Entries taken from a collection
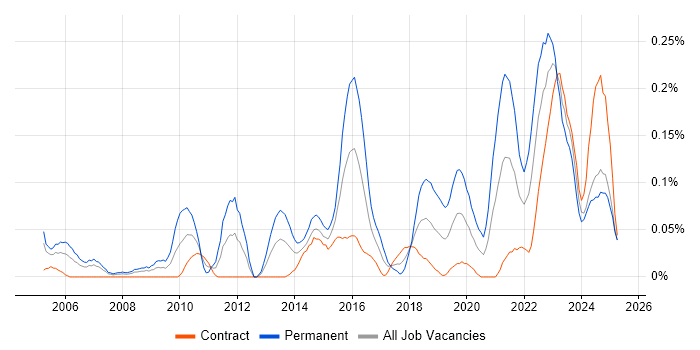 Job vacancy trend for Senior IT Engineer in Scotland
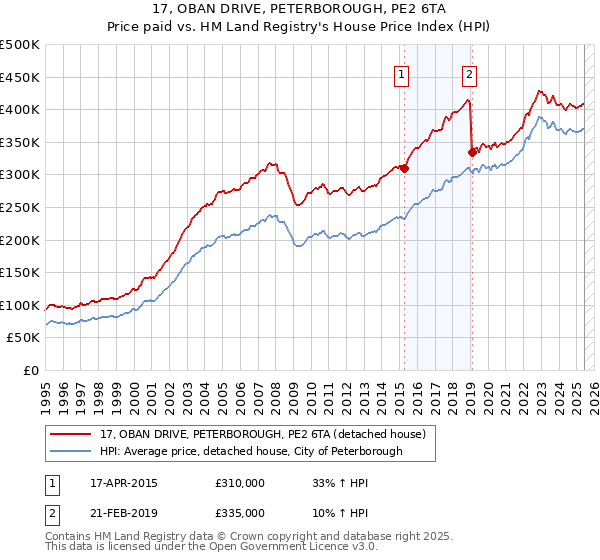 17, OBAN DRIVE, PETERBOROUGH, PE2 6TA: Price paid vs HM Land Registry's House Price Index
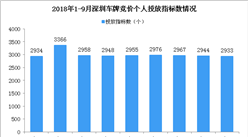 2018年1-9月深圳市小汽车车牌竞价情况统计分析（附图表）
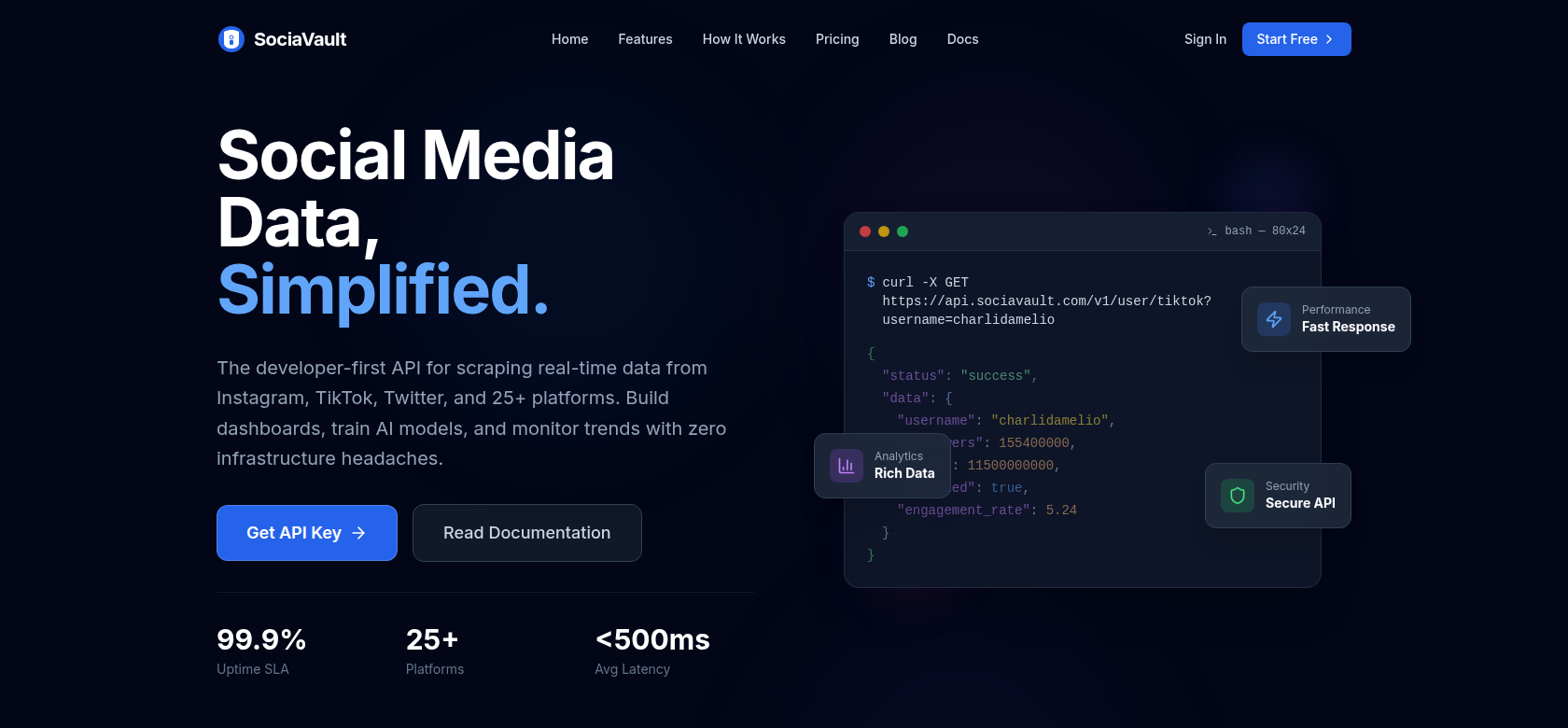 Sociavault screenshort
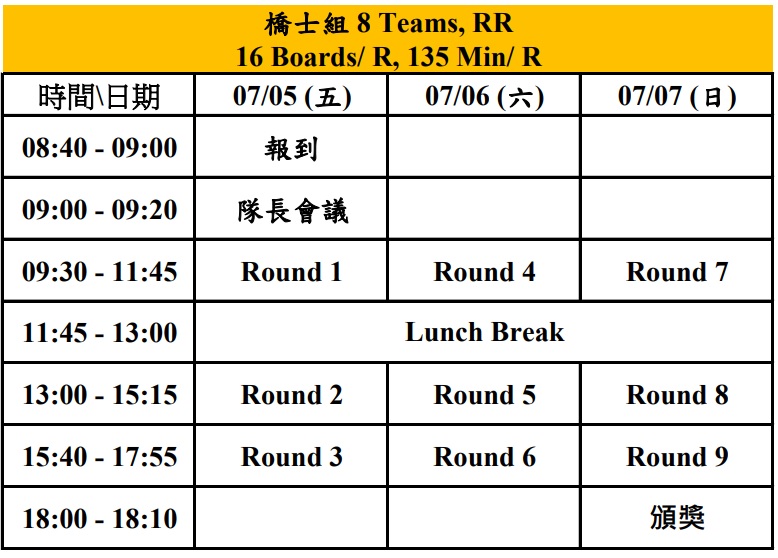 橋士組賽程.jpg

**WORK ORDER:**
Set down every line above exactly, pictures excluded.

**COMPLETED EXERCISE:**
 Job vacancy trend for Senior IT Engineer in Scotland
 17, OBAN DRIVE, PETERBOROUGH, PE2 6TA: Price paid vs HM Land Registry's House Price Index
 2018年1-9月深圳市小汽车车牌竞价情况统计分析（附图表）
 Sociavault screenshort
 橋士組賽程.jpg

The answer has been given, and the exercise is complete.